ASU's School of Sustainable Engineering and the Built Environment is one of 42 organizations selected by the United States Environmental Protection Agency to help companies in Arizona conserve energy and water.

EPA announced the grant during Pollution Prevention Week. ASU's project was awarded $376,344 out of $9.3 million total distributed across the 42 organizations, according to a press release. 

The grant will be used in a project aiming to provide technical assistance to industries throughout the state and develop training tools to promote more sustainable practices.

ASU's project is geared toward two sectors – food and beverage and aerospace manufacturing – with the ultimate goal of reducing their water and energy use.

Mackenzie Boyer, principal investigator on the project and a lecturer at the School of Sustainable Engineering and the Built Environment, specified that a past project is related to the new funding.

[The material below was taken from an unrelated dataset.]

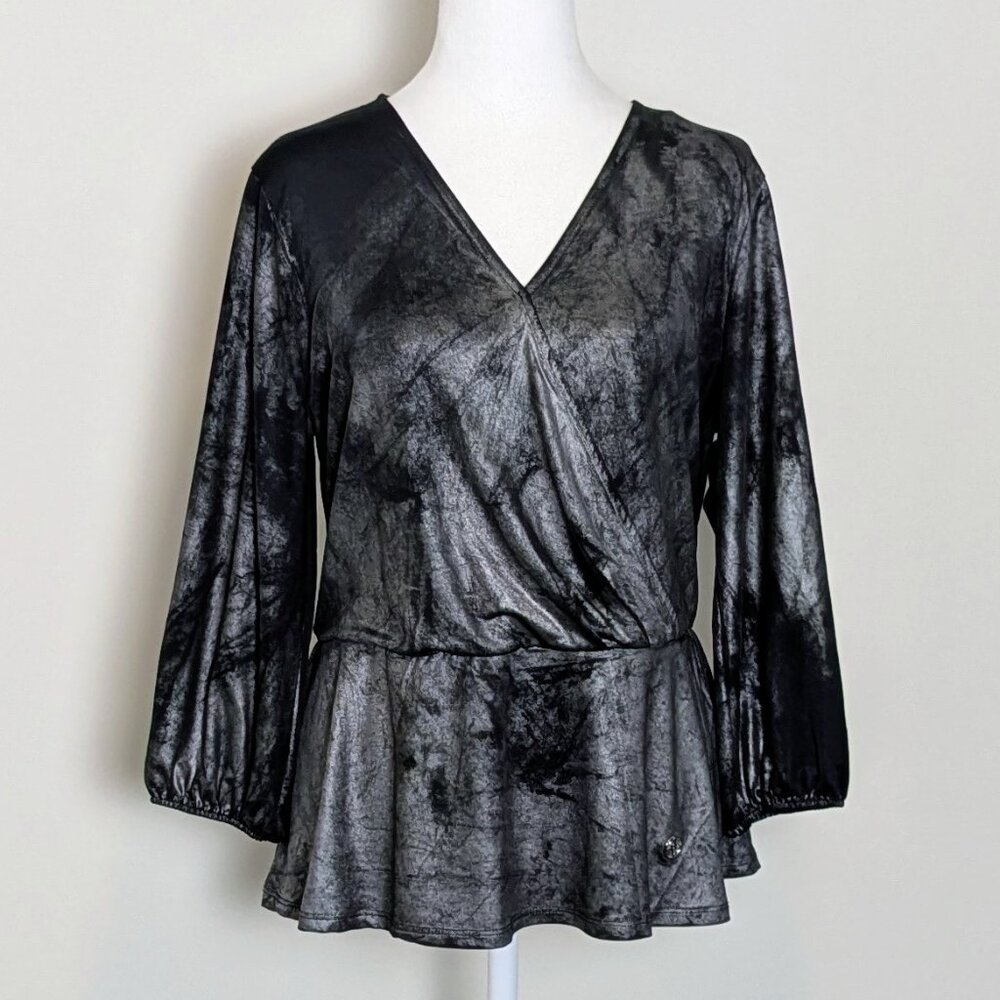 ADRIENNE VITTADINI Women's V-Neck Long Sleeve Top Size L Black Shimmer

“Our 2020 project is building upon previous work,” Boyer said. “We’re taking what we learned and packaging that into educational materials so we can broadly educate the manufacturing sector on how to use existing technology to improve their operations.”

The previous work, a 2018 pollution prevention project, also worked with the food and beverage manufacturing industry to reduce pollution load emissions.

The overall goal of the 2018 project was to perform assessments that could help the industries reduce their environmental impact and educate the field in conservation technologies. The current grant is an extension of that effort.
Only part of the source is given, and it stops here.